The Kenyan government has decided to create an agricultural and non-agricultural exchange according to the Principal Secretary at the State Department of Trade Chris Kiptoo.
The change from its earlier plan could further delay the setting up of a regional commodities exchange since the legal and institutional process to set it up could take time.
Dr Kiptoo said the new Warehouse Receipt Bill is ready and has been presented to the Attorney General for consideration. The earlier Bill has been in the National Assembly since 2015 indicating Kenya’s lack of commitment in the joint project that includes Rwanda and Uganda.
The three countries decided to establish a joint exchange and warehouse receipting system to allow for transparency in pricing and standards of agricultural products.

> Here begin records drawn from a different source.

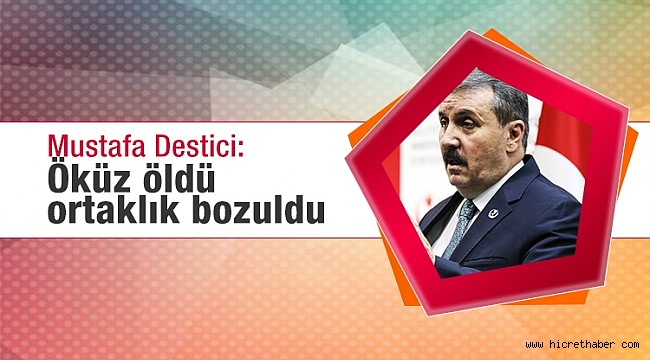 Mustafa Destici: Öküz öldü ortaklık bozuldu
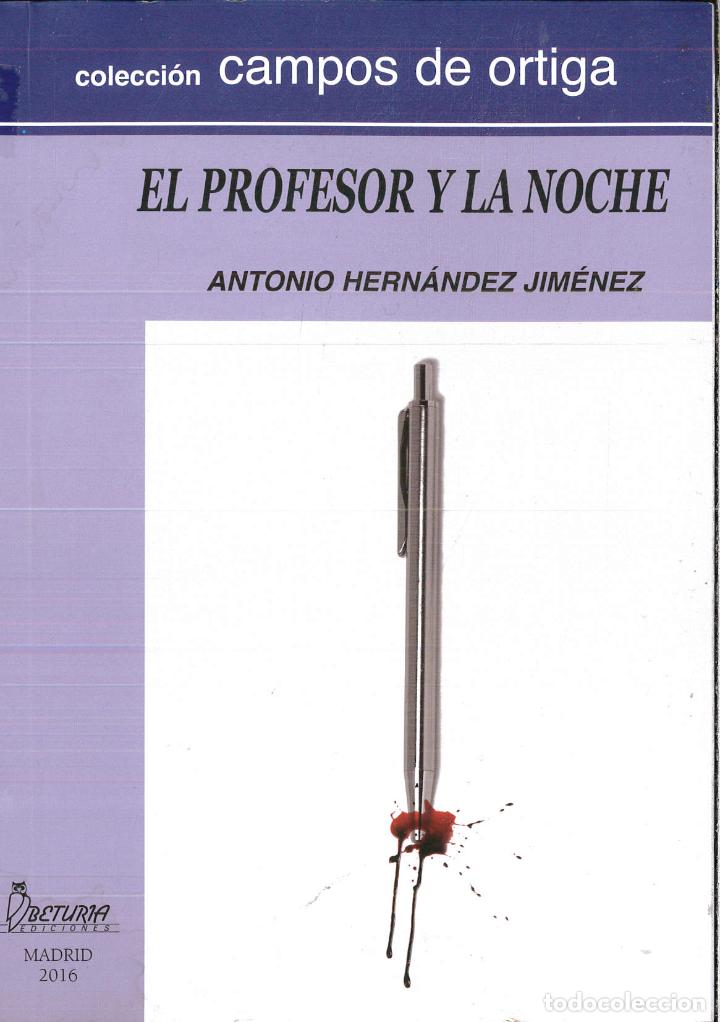 Libros: EL PROFESOR Y LA NOCHE - ANTONIO HERN&Aacute;NDEZ JIM&Eacute;NEZ - Foto 1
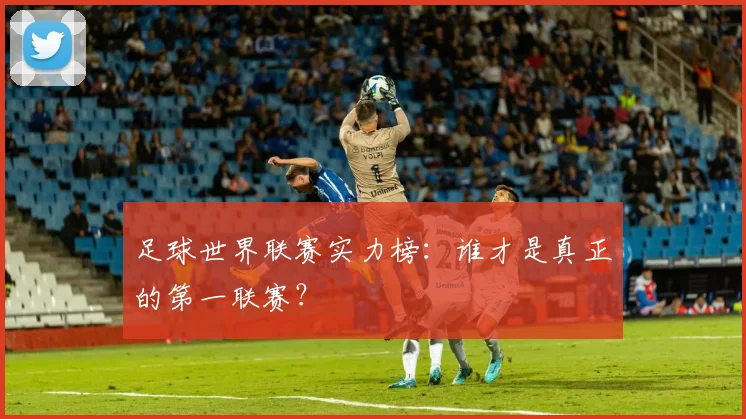 足球世界联赛实力榜：谁才是真正的第一联赛？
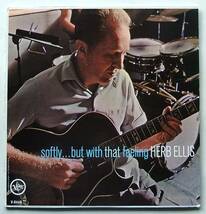 ◆ HERB ELLIS / Softly But With That Feeling ◆ Verve V-8448 (MGM:Canada) ◆ V_画像1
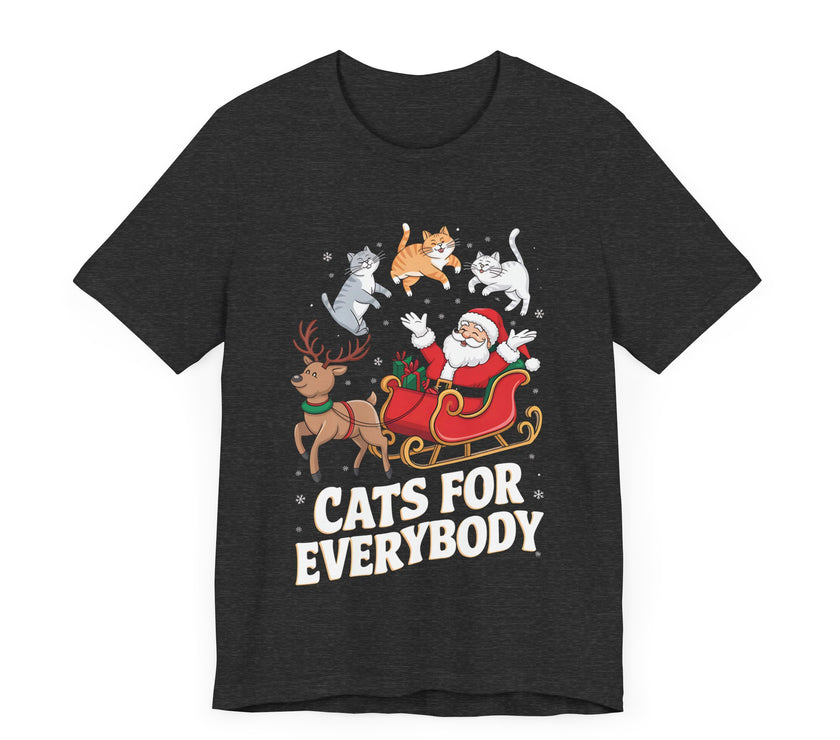 Cats for Everybody - Funny Christmas Cat Lover T-Shirt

The plan is part of the Northern Corridor infrastructure project that connects Rwanda, Uganda, Kenya, and South Sudan.
Each country is supposed to establish its own private sector driven exchange that will be electronically connected to allow interaction between buyers and sellers from the three countries.
The original plan was an exchange trading in agricultural goods only such as millet, coffee, and maize in the first stage and tea, ground nuts, and pigeon peas in the second stage. Non-agricultural products were to be introduced when the market was completely operational.
Kenya’s slow pace in creating the legislation to support the establishment of an exchange has seen it lag behind its regional partners where Rwanda has already established a private sector driven commodities exchange.
Kenya plans to convert entities such as the Kenya Planters Cooperative Union, the Kenya National Trading Corporation, the Kenya Farmers Association, and the National Cereals and Produce Board into warehouses for the planned market.
The Benefits
Farmers will benefit from the warehouse receipting system through access to credit from financial institutions using agricultural produce as collateral.
In addition, the joint exchange will promote food security, stable prices, uniform standards of quantity and quality, regional integration, and EAC’s negotiating power with the rest of the world.